━━ Given material
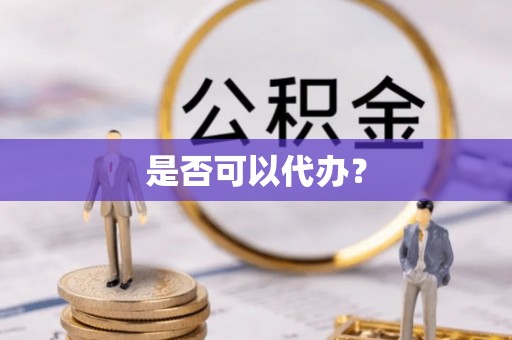 扎兰屯是否可以代办？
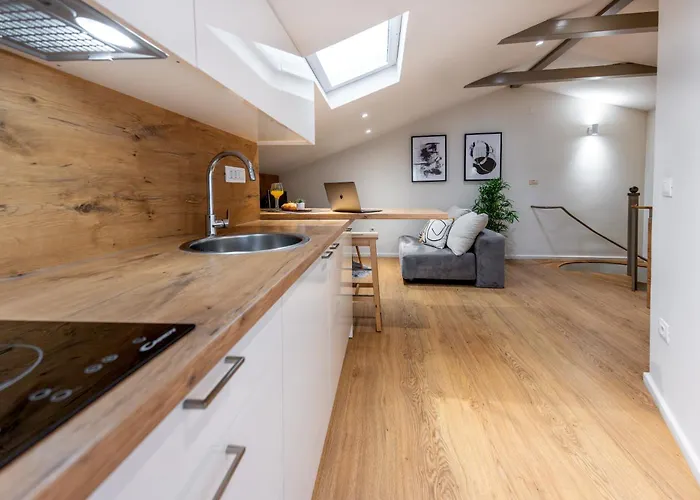 Apartamento Luxe Mr.m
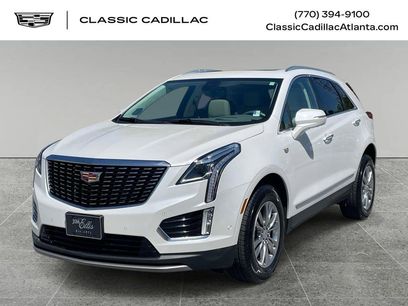 Used 2021 Cadillac XT5 Premium Luxury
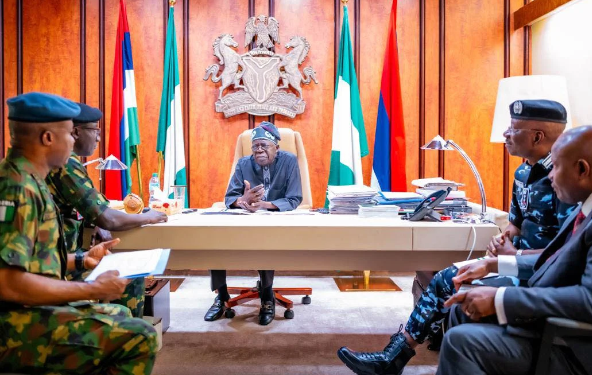 Tinubu Must Address Rising Mass Massacres Now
━━━━
- Work instruction
The material above must be reproduced line for line, with the images omitted.

- Task response
 扎兰屯是否可以代办？
 Apartamento Luxe Mr.m
 Used 2021 Cadillac XT5 Premium Luxury
 Tinubu Must Address Rising Mass Massacres Now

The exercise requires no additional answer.